Task brief: Pictures do not belong in the copy. Output exactly the lines from the one containing "Liver Cancer: Causes, Diagnosis" to the end of the listing below.

Dataset content:
--------
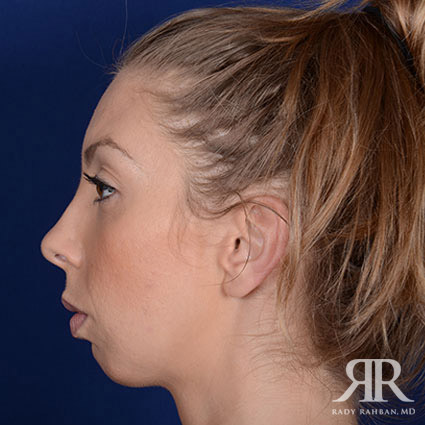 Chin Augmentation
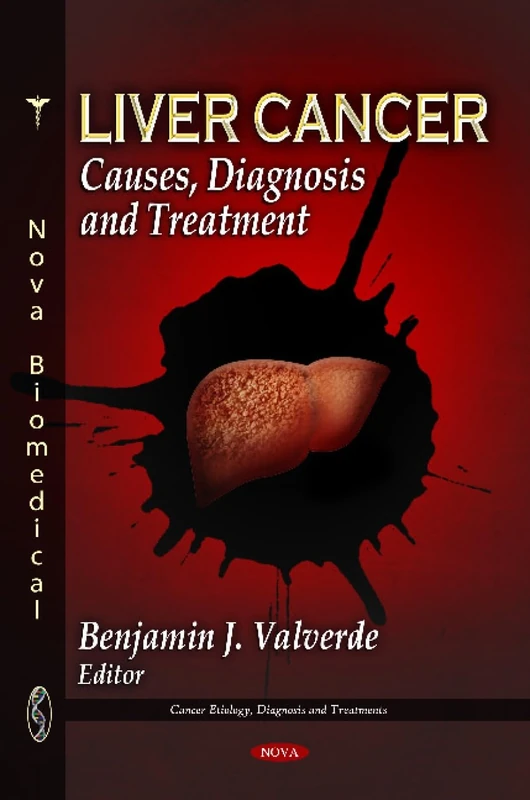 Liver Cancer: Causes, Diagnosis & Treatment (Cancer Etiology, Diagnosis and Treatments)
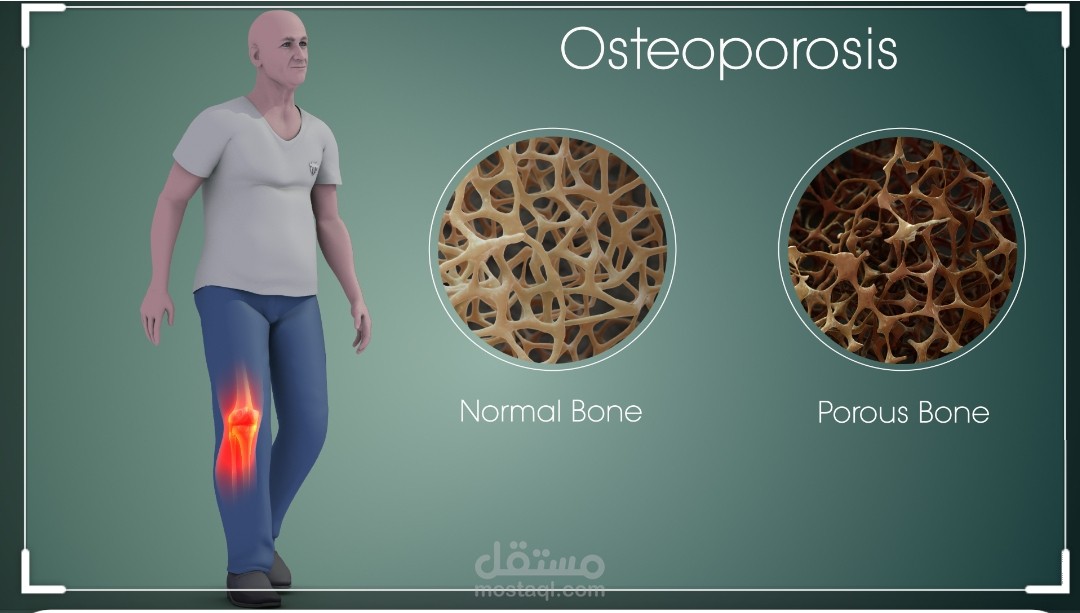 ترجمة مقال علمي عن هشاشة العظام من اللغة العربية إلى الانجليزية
--------
Result for this task:
 Liver Cancer: Causes, Diagnosis & Treatment (Cancer Etiology, Diagnosis and Treatments)
 ترجمة مقال علمي عن هشاشة العظام من اللغة العربية إلى الانجليزية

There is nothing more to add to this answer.